[OSM-dev] Messing with planet
Andy Robinson (blackadder)
blackadderajr at googlemail.com
Sat Dec 22 12:52:16 GMT 2007
Jon Burgess [mailto:jburgess777 at googlemail.com] wrote:
>Sent: 22 December 2007 12:39 PM
>To: Andy Robinson (blackadder)
>Cc: 'osm-dev List'
>Subject: Re: [OSM-dev] Messing with planet
>
>On Sat, 2007-12-22 at 11:24 +0000, Andy Robinson (blackadder) wrote:
>> I tried to uncompress the latest planet last night (first time in quite a
>> while) which failed when the disk on my hand-me-down dev box was full :-(
>>
>> Would be helpful if those with planet experience could share your current
>> method of processing and analysing planet and the amount of disk and
>memory
>> you think is the current minimum.
>
>It depends, but in general I think you want your tools to be able to
>read a .bz2 or .gz file directly or be able to read from STDIN (so you
>can pipe from bzcat etc). When I was working a lot with the planet files
>I would convert the .bz2 to a .gz file since that is much faster to
>decompress (if you're going to be reading it a lot).
>
>The memory requirement entirely depends on how much state information
>you need to keep while processing the file. Don't expect to be able to
>keep the whole planet file in RAM unless you can devise a very compact
>representation of the data (even then you'll probably need >1GB of ram).
>
>> For instance, do all the tools require an
>> uncompressed planet (I'm thinking osmosis I guess now?).
>
>Osmosis will read .gz or .bz2 files directly:
> --read-xml compressionMethod=bzip2 ...
>
>> Also any guidance
>> on free HDD space size and memory settings when processing planet and
>also
>> if importing it into a blank mysql database. Is import of the whole
>planet
>> into the rails database scheme a workable option for an individual
>anymore?
>
>I have not looked at importing the planet into MySQL for a few months.
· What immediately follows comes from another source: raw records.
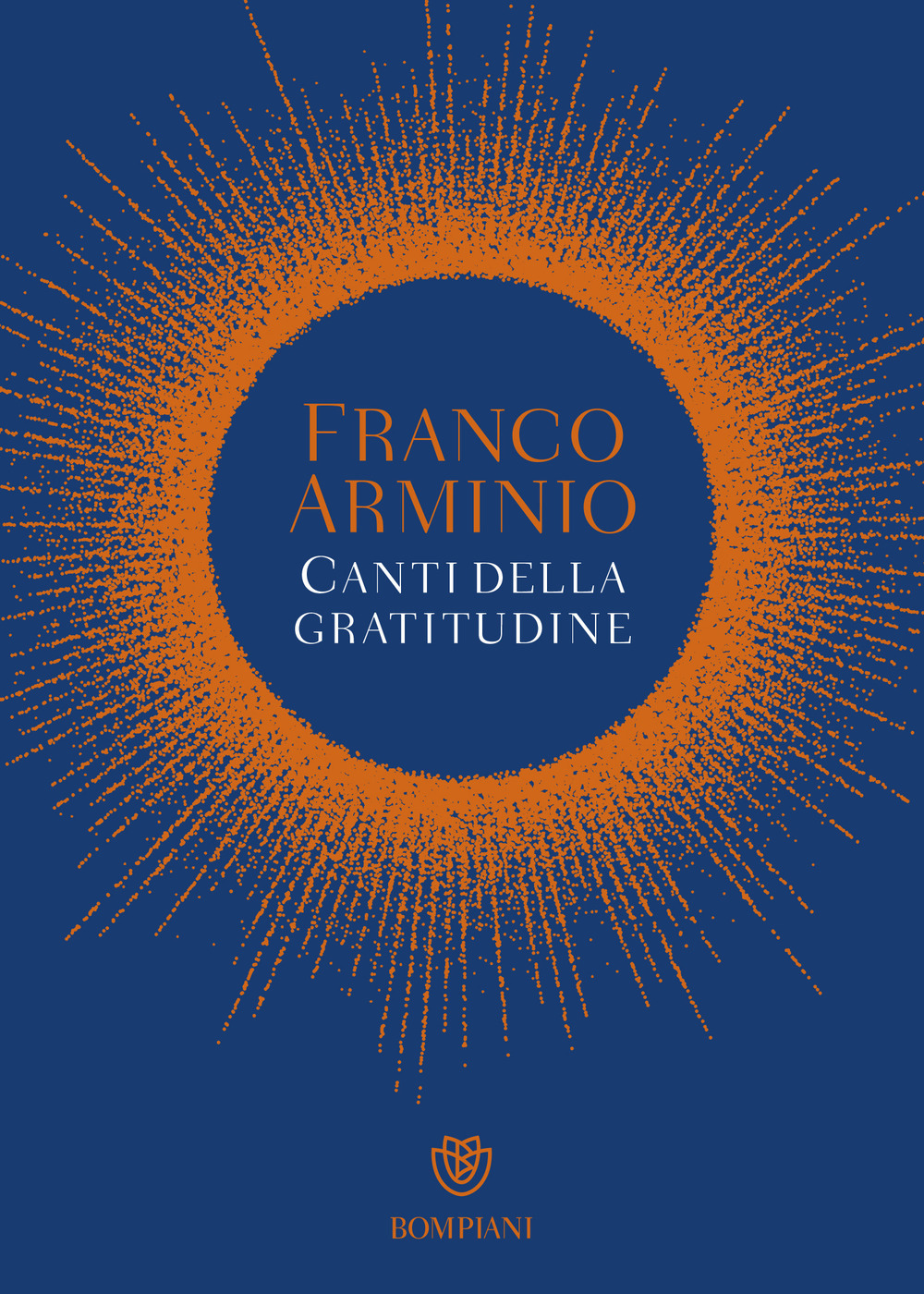 Canti della gratitudine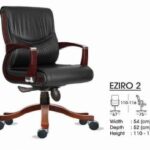 Kursi Kantor Donati Eziro 2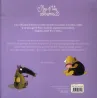 Le loup qui voyageait dans le temps - Orianne Lallemand, Eléonore Thuillier - Auzou - Grand format - ravate.com librairie...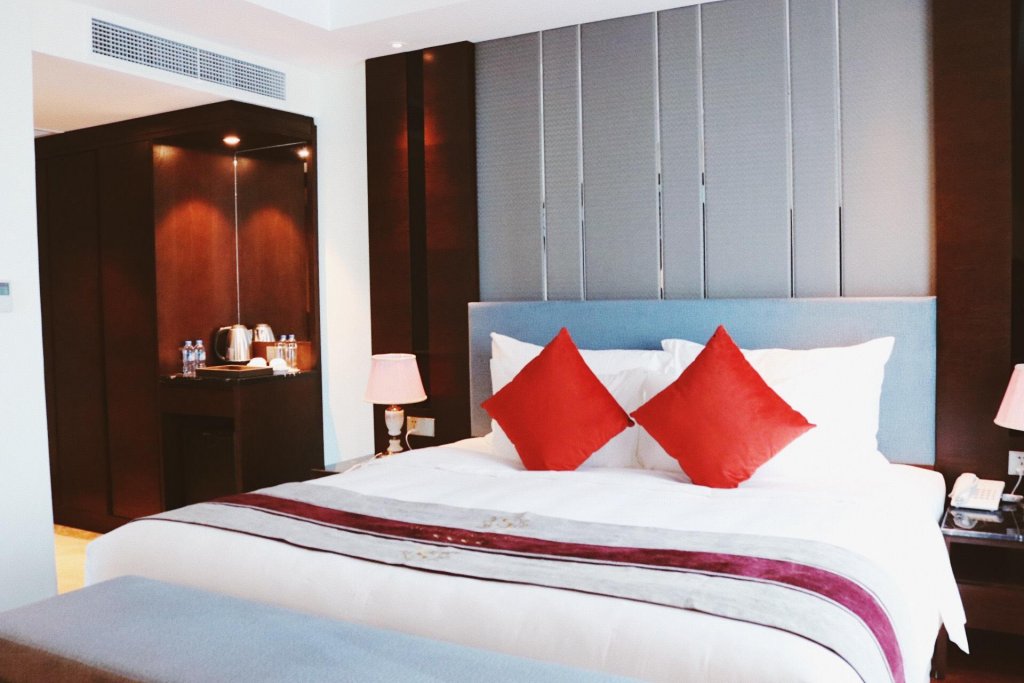 Фото Summer Cua Lo Hotel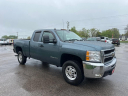 Thumbnail image of 2008 Chevrolet Silverado 2500HD at SOUTHERN SELECT AUTO SALES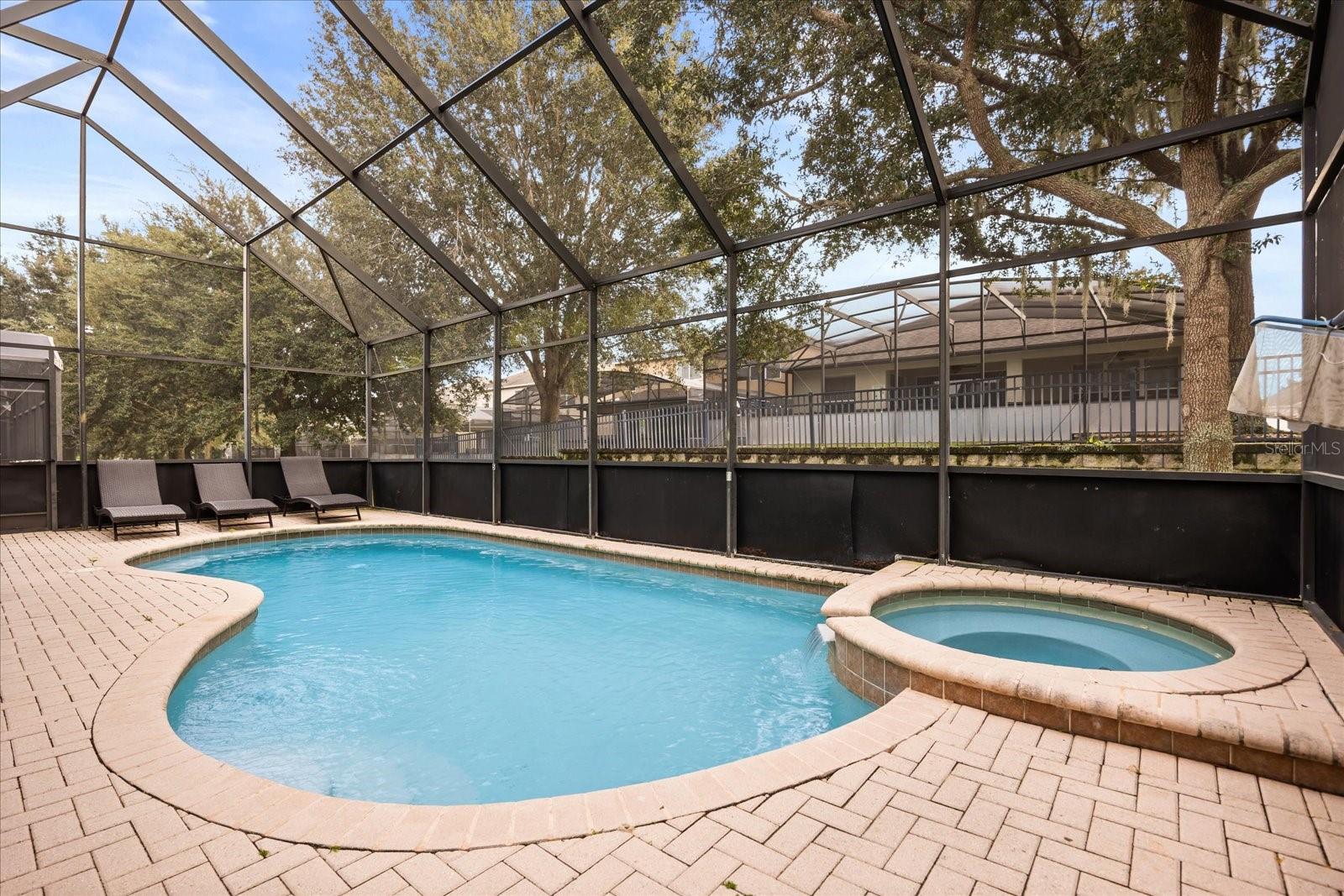 WINDSOR HILLS PH 3 - Residential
>Even then, it would takes several hours to import into MySQL and a
>couple of GB of disk space. The planet files has grown several times the
>size since then so I imagine it might easily take a day to import it now
>and over 10GB of disk space.
>
>I think you'd be much better off importing a subset, like the UK planet:
>http://nick.dev.openstreetmap.org/downloads/planet/
>
>
>> These are questions that were not really an issue 6 months ago when
>planet
>> was so much smaller. I appreciate once I have got back up to speed I
>could
>> be using the diff files to limit requirements.
>>
>> Specifically I wanted to be working on two aspects over the festive
>season.
>> 1. some evaluation of the rails stuff now that I have a working rails
>port
>> 2. some tag analysis and user stats stuff
>
>The user information is not present in the planet dumps so that may be
>tricky.
>
>My recommendation for any analysis would be to use a streaming solution,
>reading the file from STDIN.
>
>Alternatively osm2pgsql could be useful for you. It will import the
>planet file in a few hours*. The keys get mapped into columns in a
>couple of tables. Depending on what you need the existing tables may be
>OK for you, or you might need to adjust the list of exported tags in the
>source if you need more keys. If you are good with SQL then you can get
>all kinds of stats from the database tables,
> e.g. To retrieve the top 10 highway= values
>
>gis=> select highway,count(highway) as num from planet_osm_roads group by
>highway order by num desc limit 10;
> highway | num
>----------------+--------
> secondary | 323227
> primary | 175034
> motorway_link | 119377
> motorway | 53166
> trunk | 36471
> trunk_link | 11810
> primary_link | 8441
> secondary_link | 458
> residential | 433
> unclassified | 113
>(10 rows)
>
>This query took just a few seconds to run.
>
>Because the map features are stored in a spatial format it is also
>relatively easy obtain geo-referenced results without needing to deal
>with the node+way hierarchy. For more details see:
>http://trac.openstreetmap.org/browser/applications/utils/export/osm2pgsql/R
>EADME.txt
>
> Jon
>
>
>
>* The import of the planet on tile.openstreetmap.org this week took 8
>hours. The Postgres DB is 7GB, but the peak disk usage is probably in
>the region of 10 - 20GB during the import. Tile has 2GB of RAM and I'd
>recommend this as the useful minimum for the full planet import. 1GB is
>probably the real minimum but will need 1-2GB of swap space and will be
>slower.
>
> Jon
>
Jon, Thanks for this. Most useful. Quite a bit of it is not evident on the
wiki (mainly because planet has grown so much so quickly I guess) so I'll
add some updates once I have any other responses in.